Material for this task:
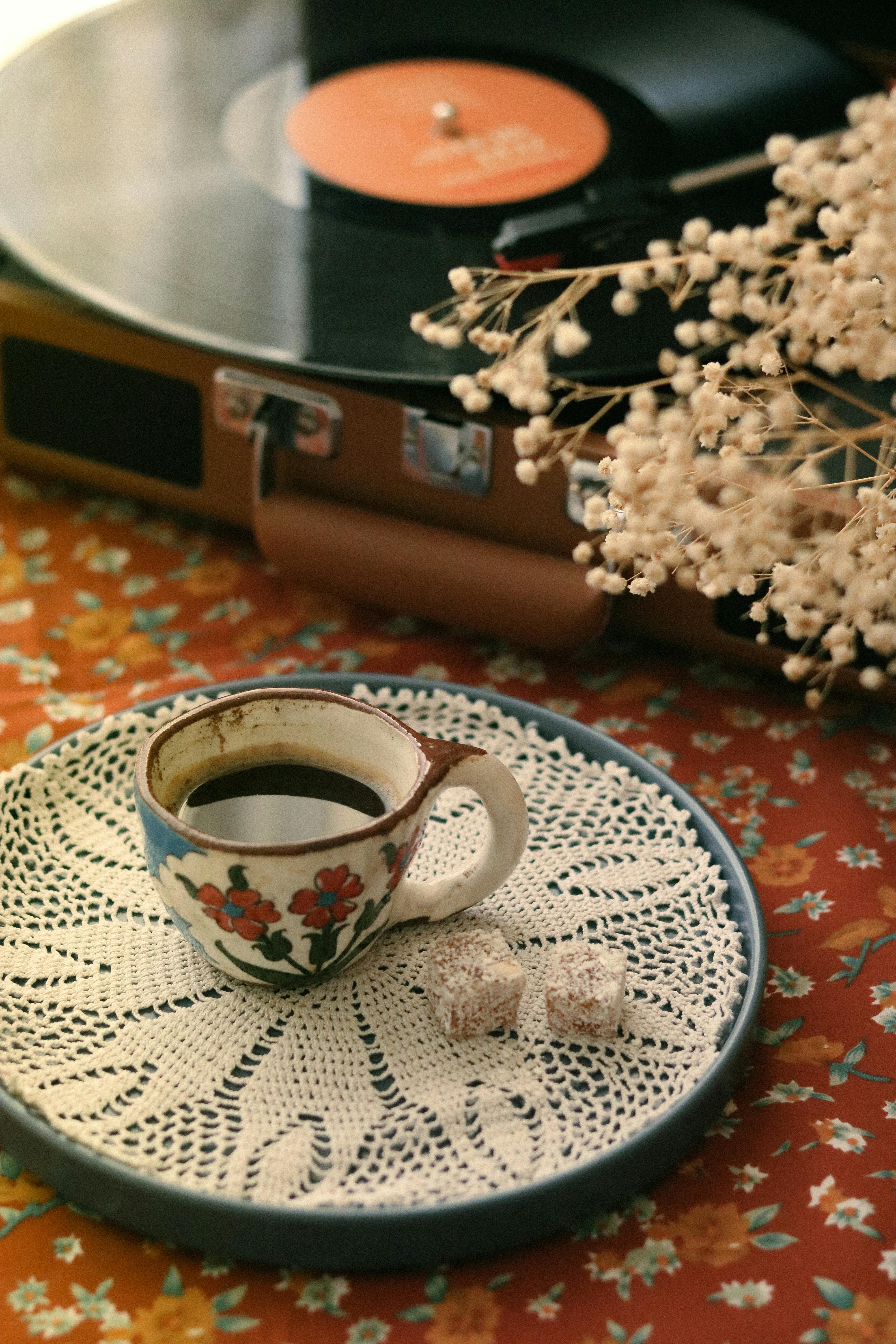 Uma xícara de café ao lado de uma vitrola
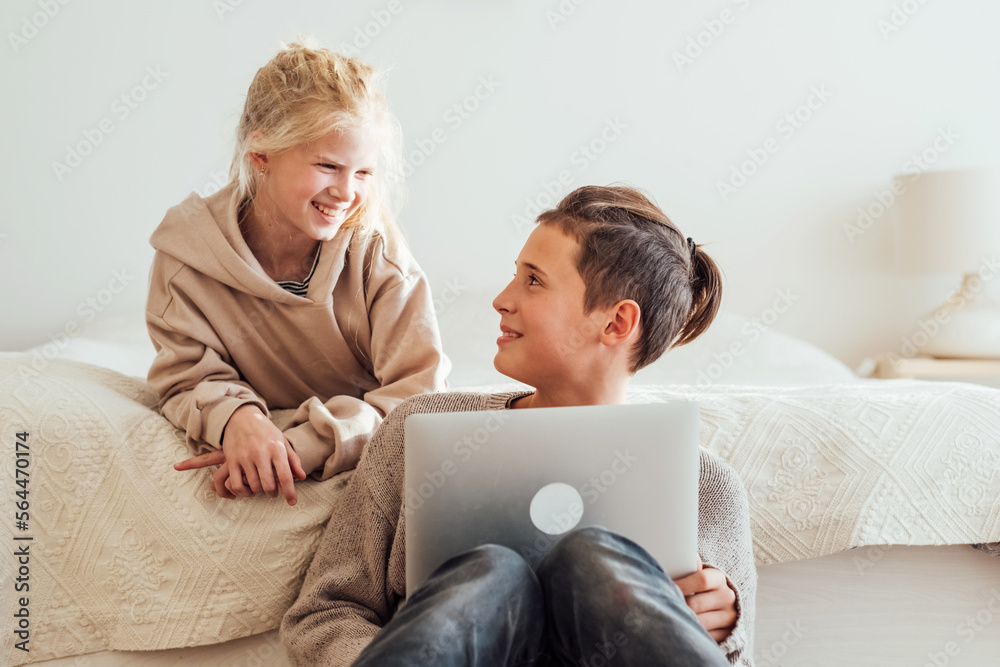 Boy and girl using laptop computer together. Teenagers spending time together.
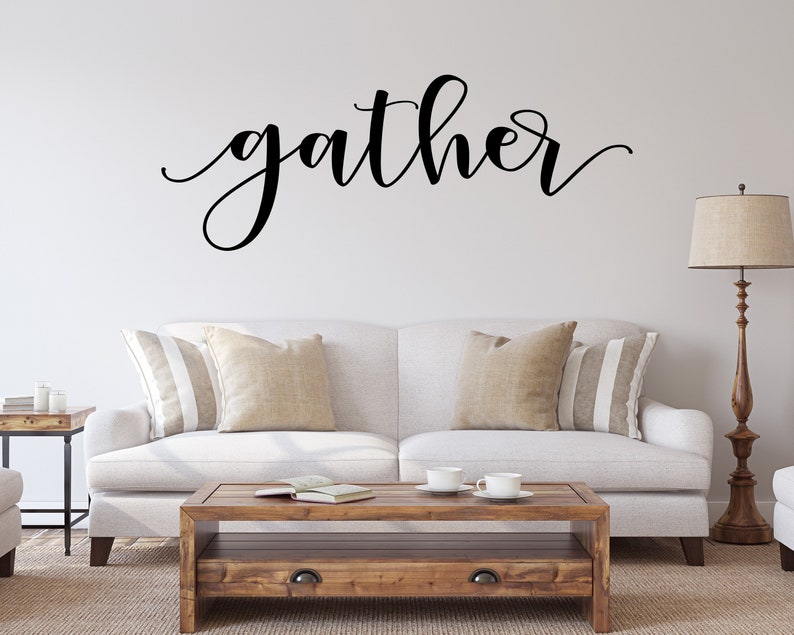 May include: A living room with a white sofa, beige and striped cushions, and a wooden coffee table. The word "gather" is written in black script on the wall. A floor lamp stands beside the sofa, creating a warm and inviting atmosphere.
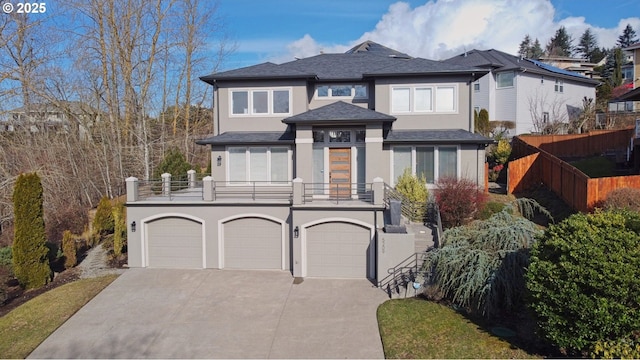 prairie-style house with stucco siding, fence, a balcony, a garage, and driveway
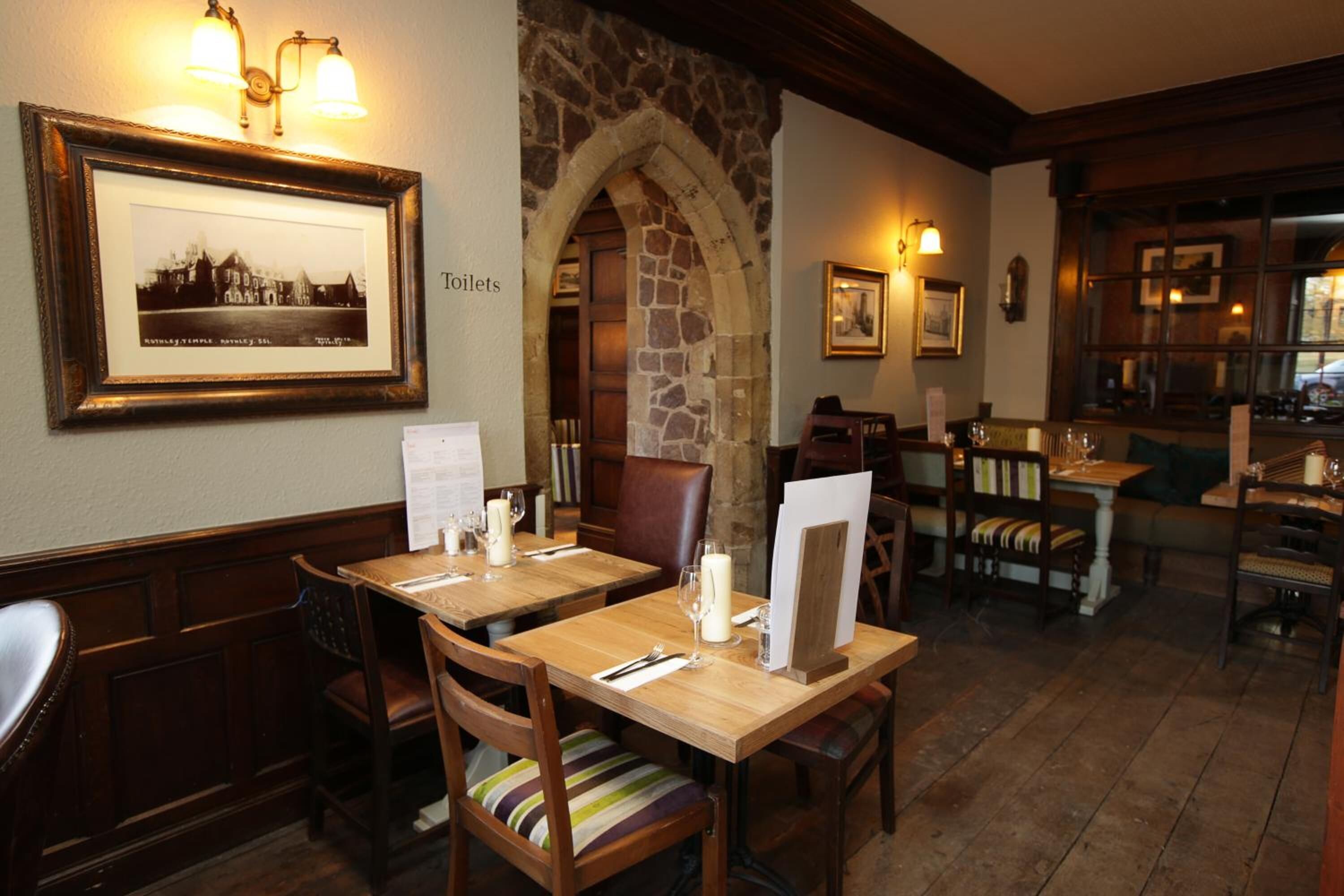 A restaurant with wooden tables and chairs, stone archway, framed picture, and a sign indicating the restroom.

Exercise instructions: Exactly as written, reproduce the lines from the one containing "May include: A" through the last line of the entries above, and leave every picture out.

Result of the exercise:
 May include: A living room with a white sofa, beige and striped cushions, and a wooden coffee table. The word "gather" is written in black script on the wall. A floor lamp stands beside the sofa, creating a warm and inviting atmosphere.
 prairie-style house with stucco siding, fence, a balcony, a garage, and driveway
 A restaurant with wooden tables and chairs, stone archway, framed picture, and a sign indicating the restroom.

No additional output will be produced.